Description of the task — Could you retype exactly the lines below between the one holding "Meuble House Coussin" and the one holding "THIRD FORM BOUQUET", inclusive, leaving out any pictures?

Data for this task —
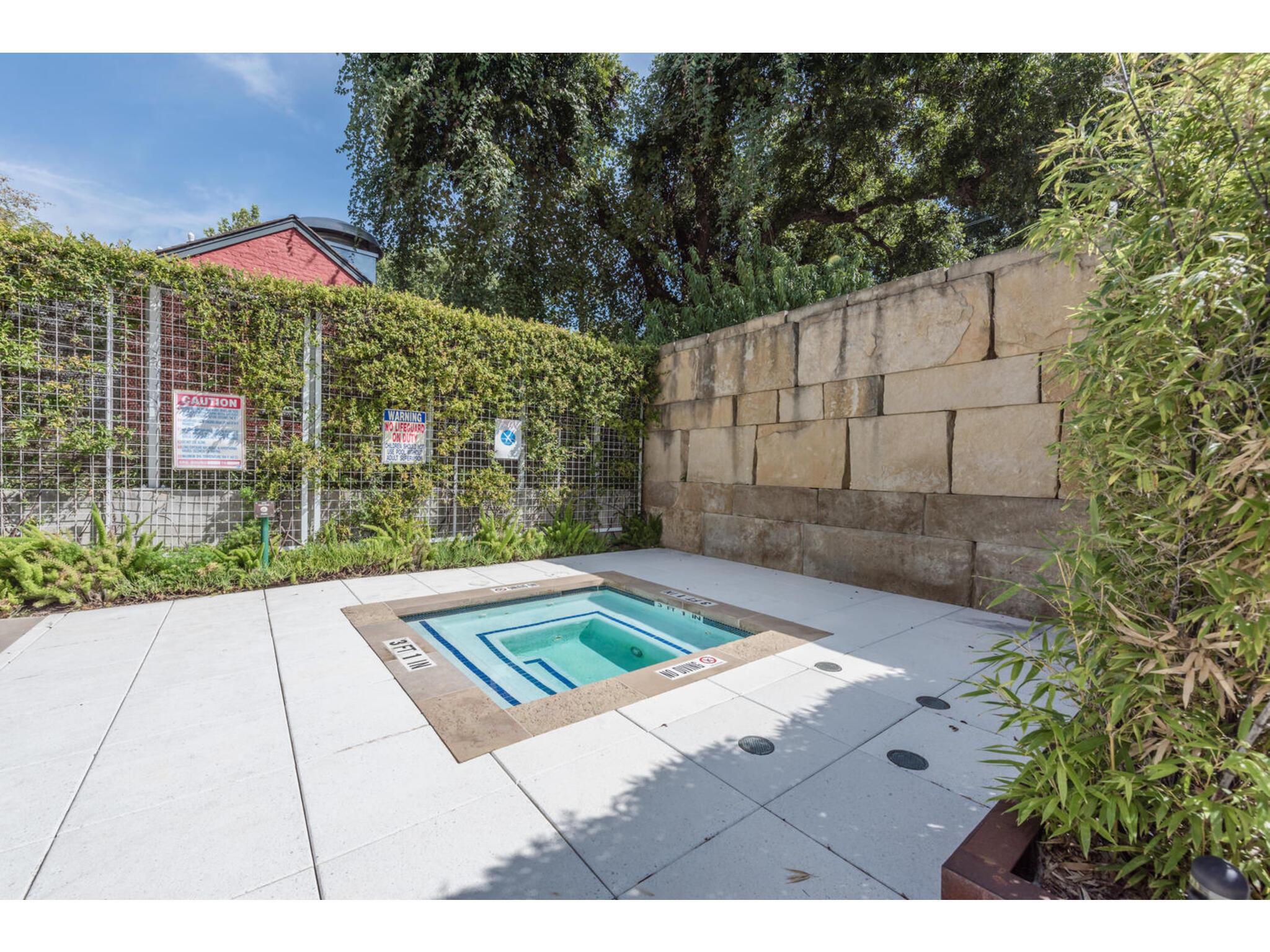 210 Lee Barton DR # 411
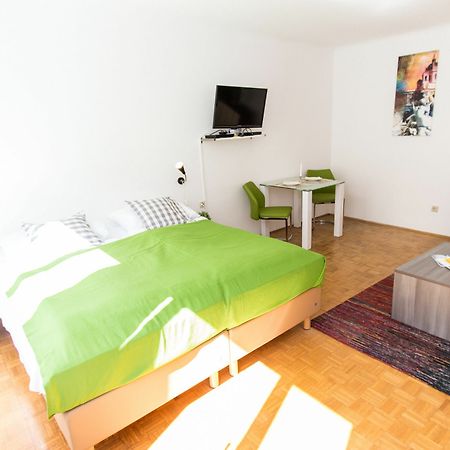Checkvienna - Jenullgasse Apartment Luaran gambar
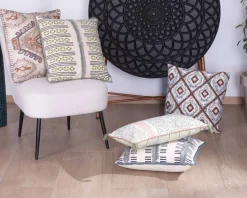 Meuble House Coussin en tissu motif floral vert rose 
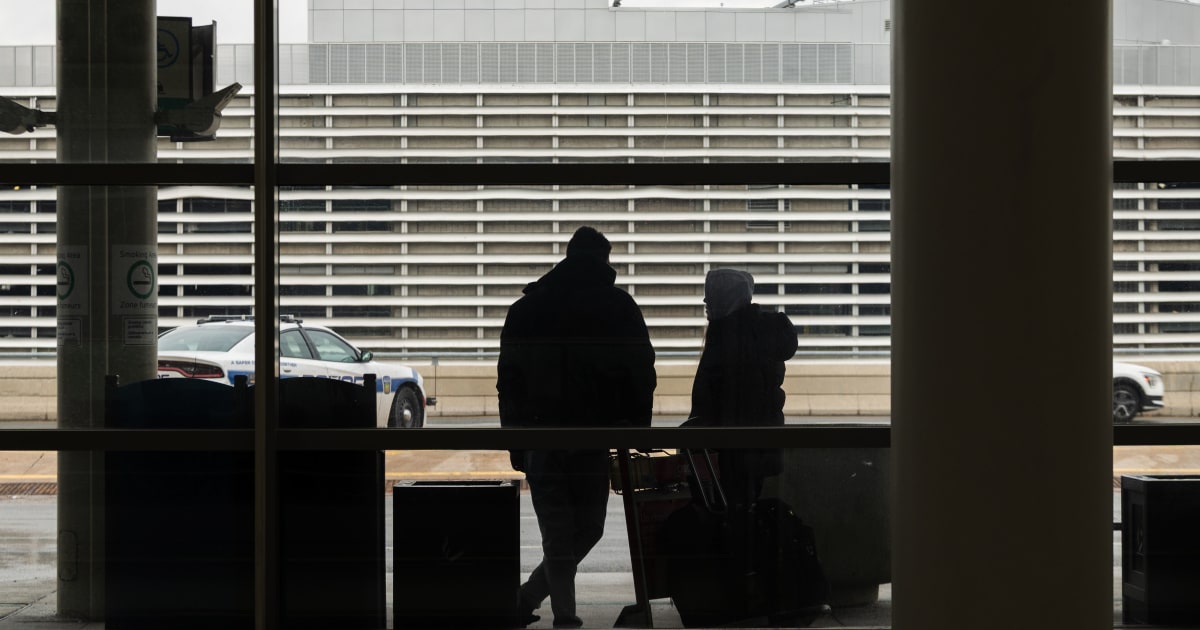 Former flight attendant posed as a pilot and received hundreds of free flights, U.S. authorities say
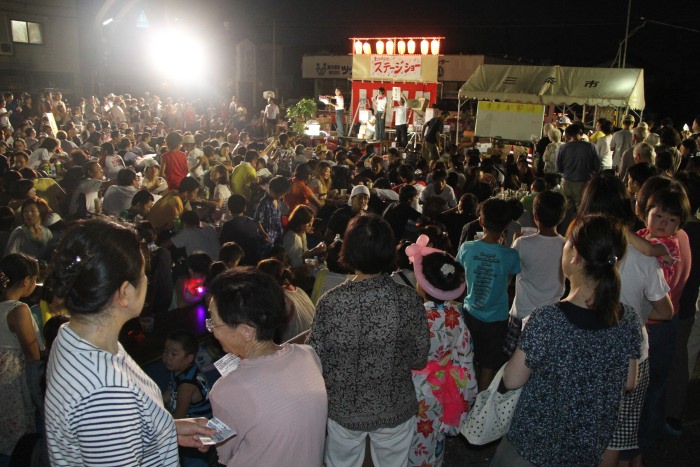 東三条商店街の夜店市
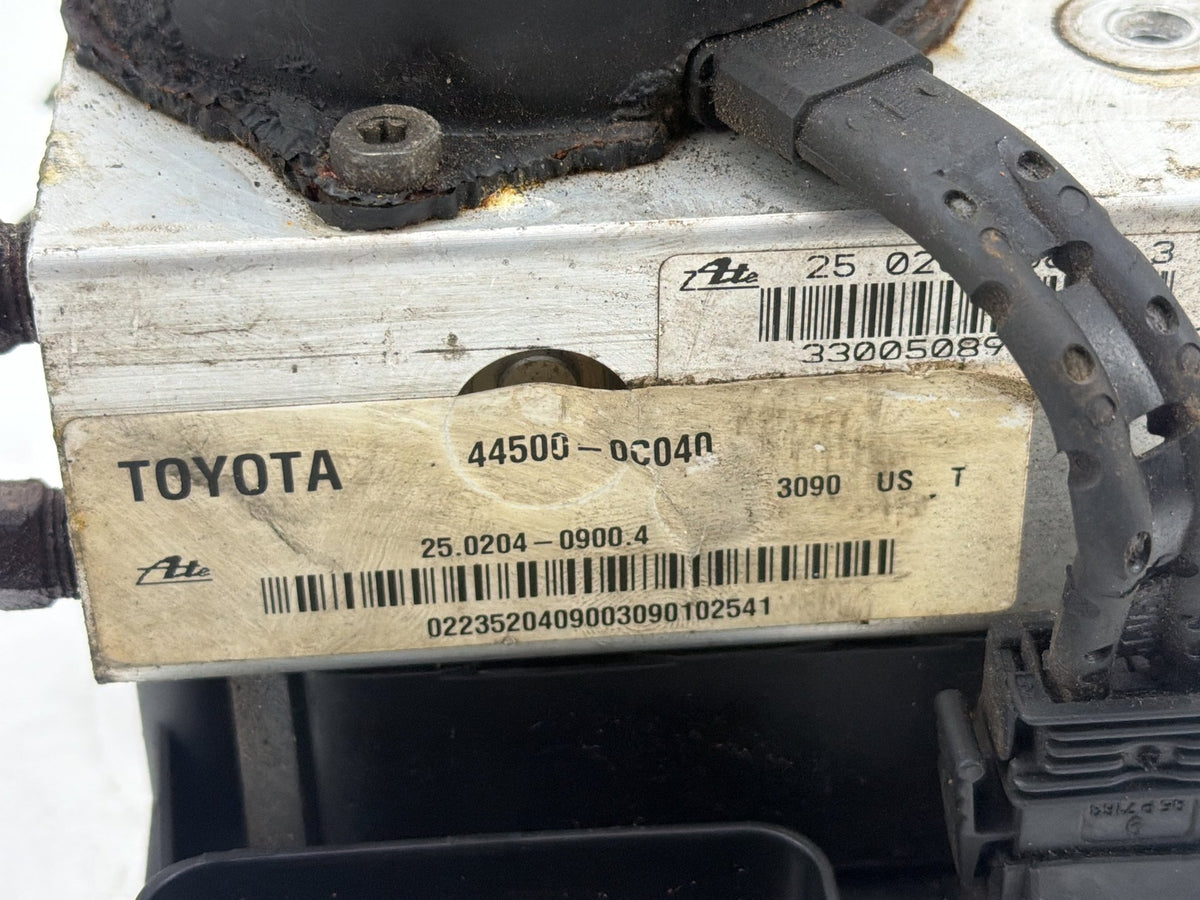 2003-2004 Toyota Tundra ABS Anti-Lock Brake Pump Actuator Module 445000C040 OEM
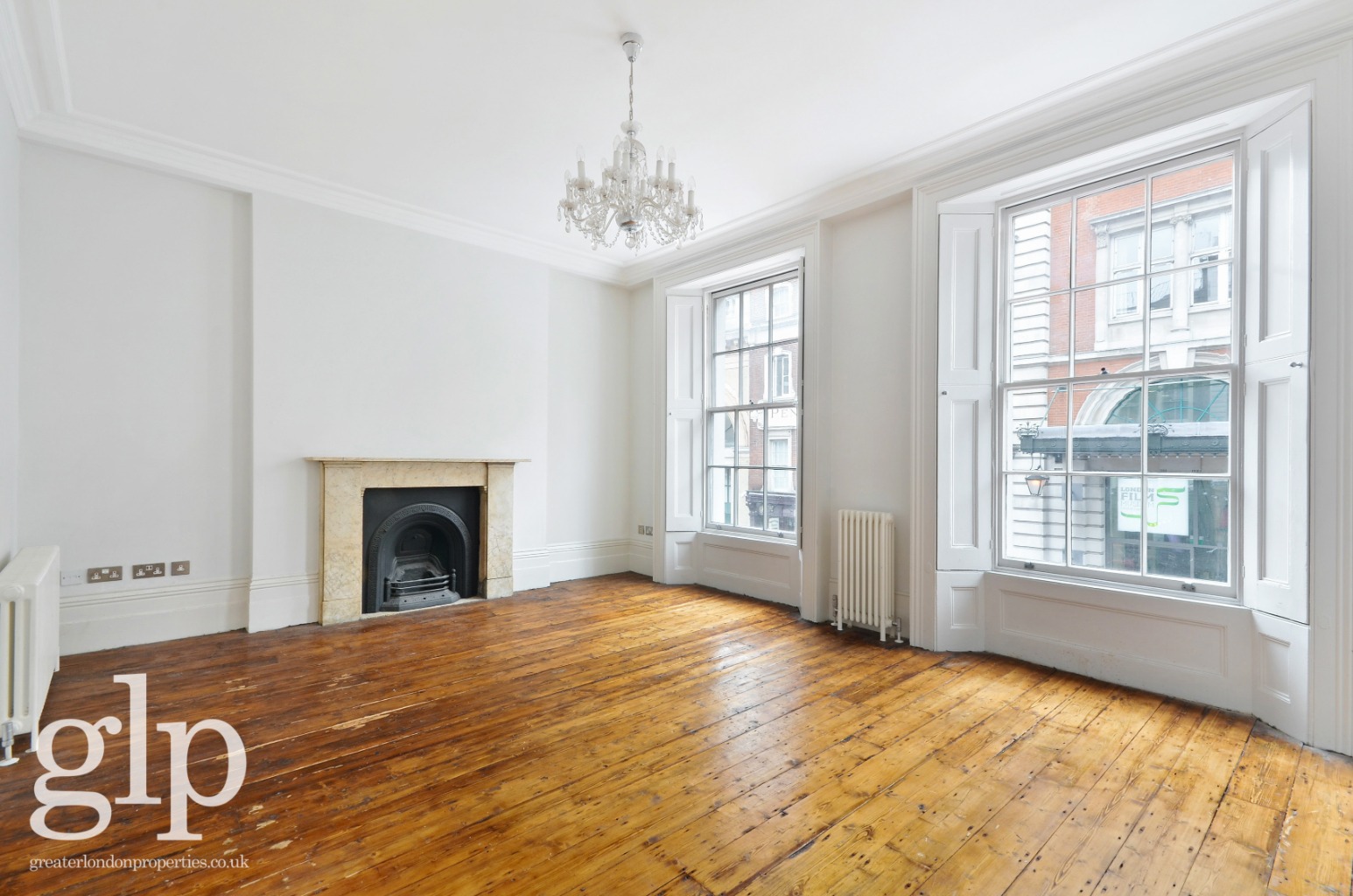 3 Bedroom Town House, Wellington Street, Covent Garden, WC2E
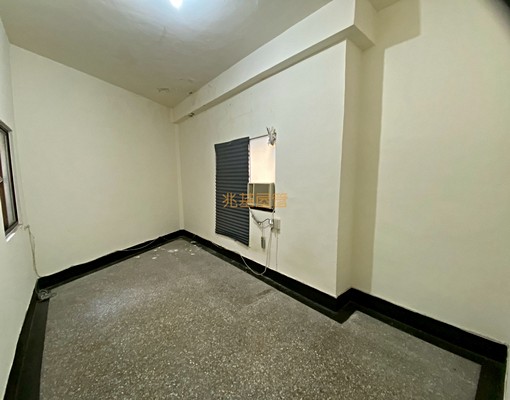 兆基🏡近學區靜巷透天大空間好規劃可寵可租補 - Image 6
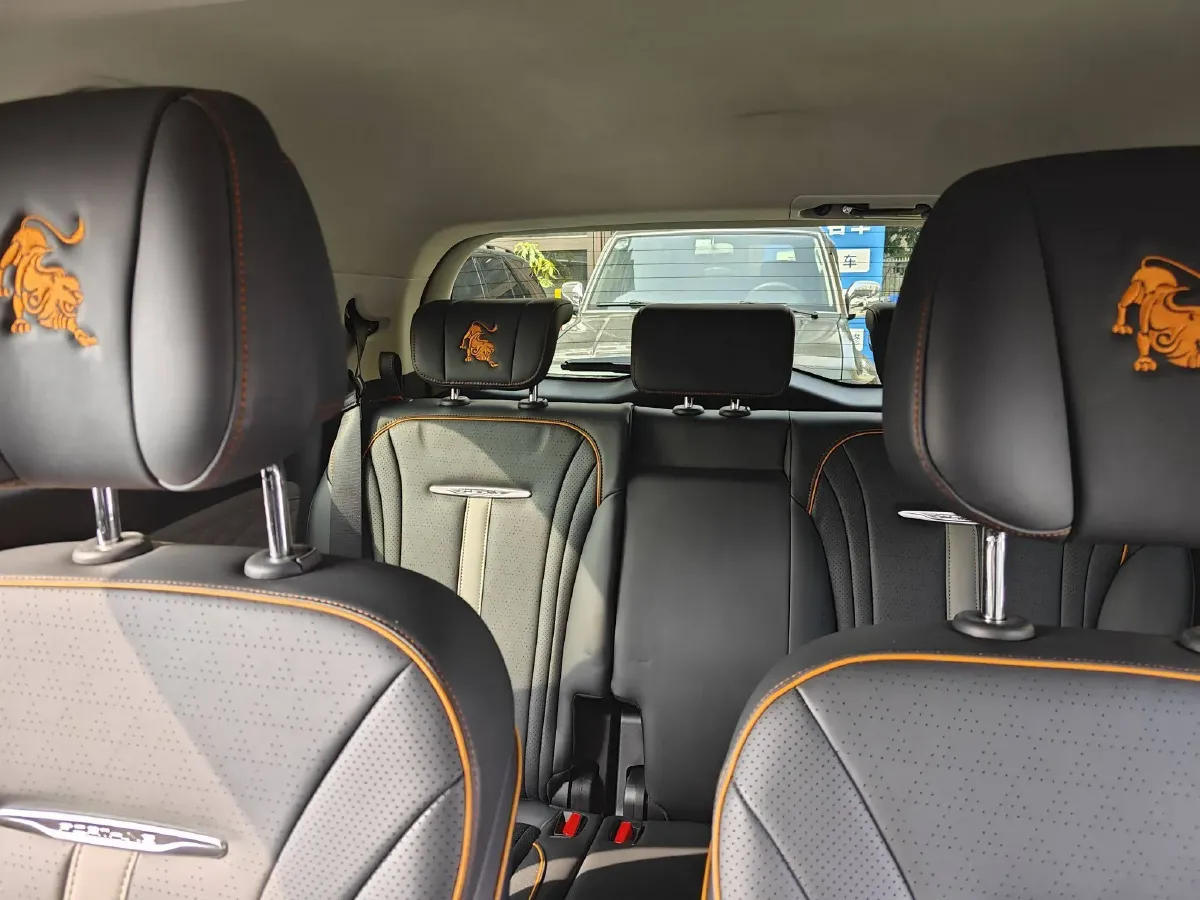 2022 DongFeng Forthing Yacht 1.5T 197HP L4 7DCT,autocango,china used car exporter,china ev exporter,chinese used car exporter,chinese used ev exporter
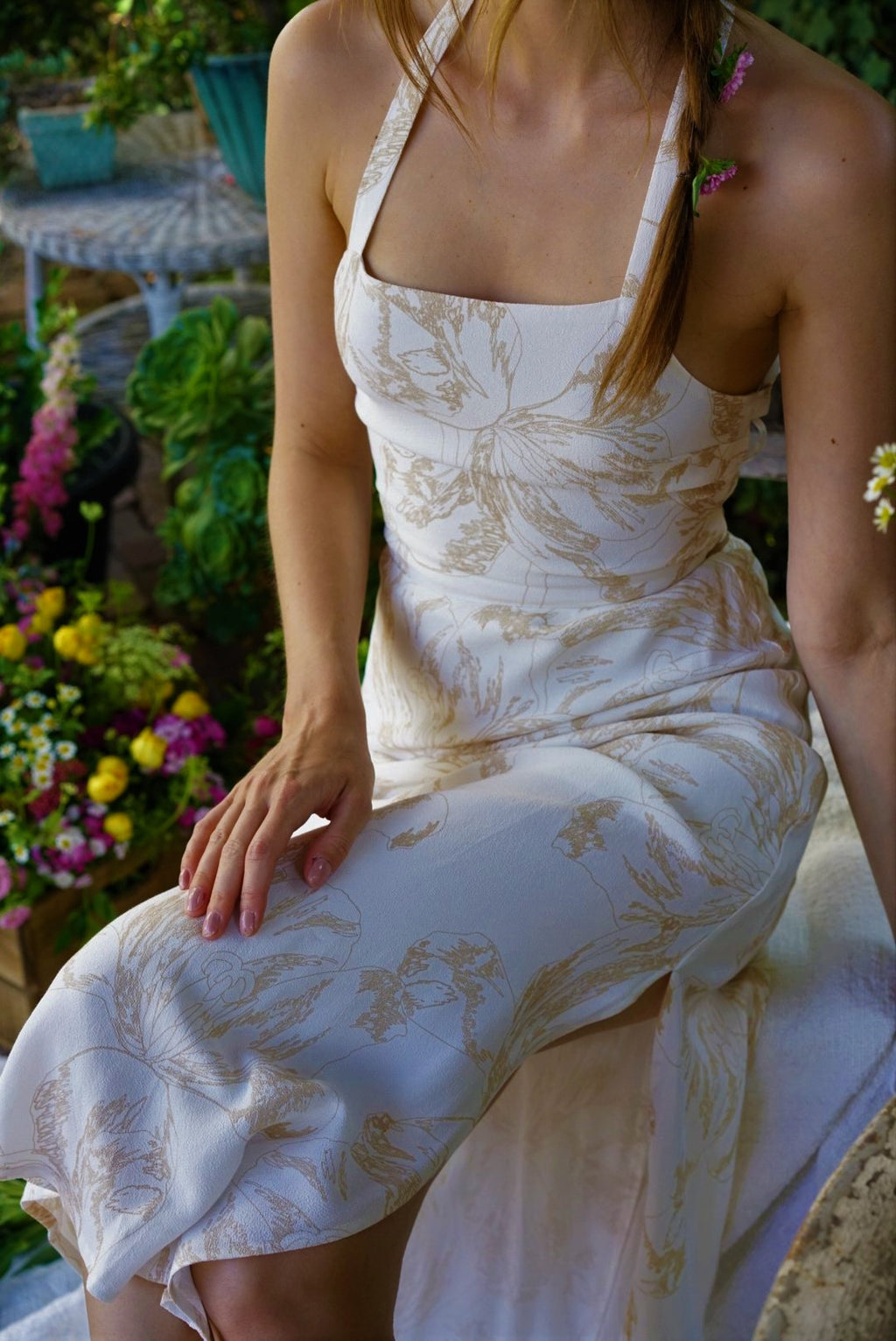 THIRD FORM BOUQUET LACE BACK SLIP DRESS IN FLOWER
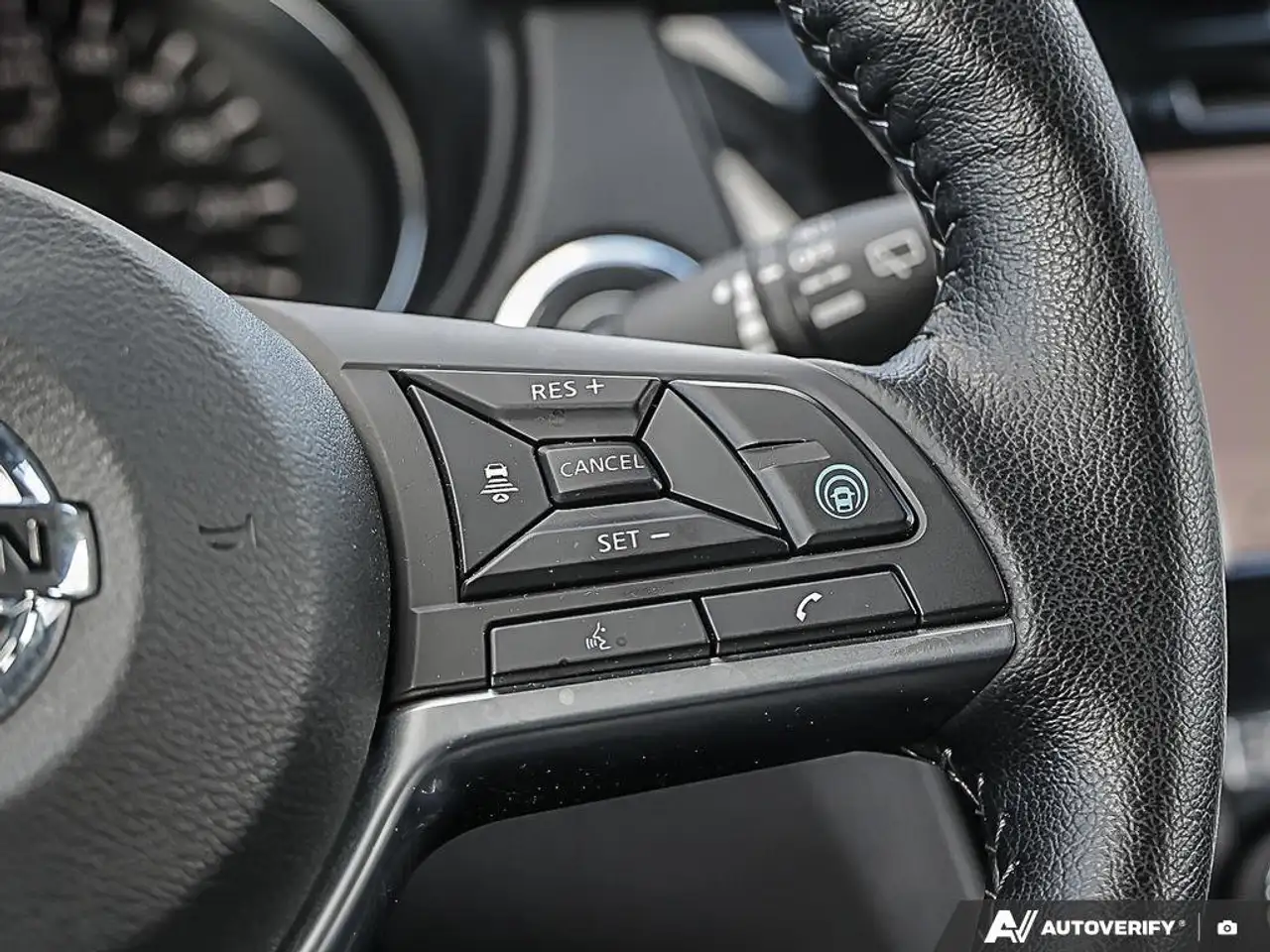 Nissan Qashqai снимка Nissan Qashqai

Response to this exercise —
 Meuble House Coussin en tissu motif floral vert rose 
 Former flight attendant posed as a pilot and received hundreds of free flights, U.S. authorities say
 東三条商店街の夜店市
 2003-2004 Toyota Tundra ABS Anti-Lock Brake Pump Actuator Module 445000C040 OEM
 3 Bedroom Town House, Wellington Street, Covent Garden, WC2E
 兆基🏡近學區靜巷透天大空間好規劃可寵可租補 - Image 6
 2022 DongFeng Forthing Yacht 1.5T 197HP L4 7DCT,autocango,china used car exporter,china ev exporter,chinese used car exporter,chinese used ev exporter
 THIRD FORM BOUQUET LACE BACK SLIP DRESS IN FLOWER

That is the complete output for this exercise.